Posted July. 07, 2007 03:04,   


With the influences of China’s feudal states growing, Cao Cao, a Chinese reformist of his day, tried to consolidate the Chinese central government’s rule over the parts of China to secure the safety of the imperial family of the Western Han Dynasty. Then-prosecutor general Cao came up with a plan called “Sakbeon” that urged Emperor Jing to downsize the jurisdictions controlled by his feudal lords.

Wonang, who served as prime minister of Wu, one of the feudal states, came forward and opposed the plan, saying, “Wu and Chu have no strength to rise in insurrection.” But Cao pushed for “Sakbeon” anyway, which prompted rebellions that historians call the “Rebellion of the Seven States.” Beleaguered Emperor Jing put Cao Cao to death at the urgent request of Wonang, who said, “You can suppress the rebellions by killing Cao and return the forfeited land to feudal lords.”

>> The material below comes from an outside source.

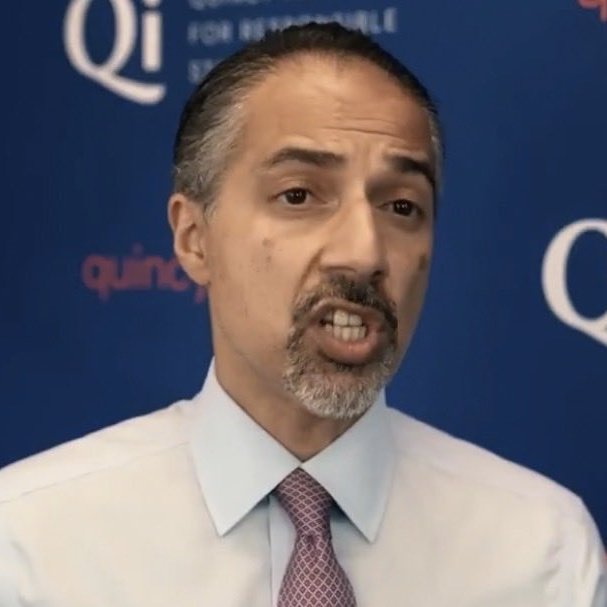 Avi Avidan tweet media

This story doesn’t say outright who was a villainous retainer and who was a loyal vassal. There was no denying that Cao had integrity, and was righteous. What about Wonang? He was also a man of high virtue and integrity. So why did Cao alone die a violent death? For all his knowledge and abilities, he was very opinionated and was not considerate of others. The father of Cao asked his son to withdraw “Sakbeon” to avoid the downfall of his family. When Cao rebuffed his request, he poisoned himself. Cao thought only about “what to do,” but didn’t know “how to do it.”

Yi Zhongtian, a professor at Xiamen University, is taking the lead in popularizing history through the program, “Lectures on the Records of the Chu and Han Dynasties” on CCTV (China Central Television). He explores in detail the actions of heroes and crafty men in difficult times by delving into decisive moments that led to upheavals in China’s history.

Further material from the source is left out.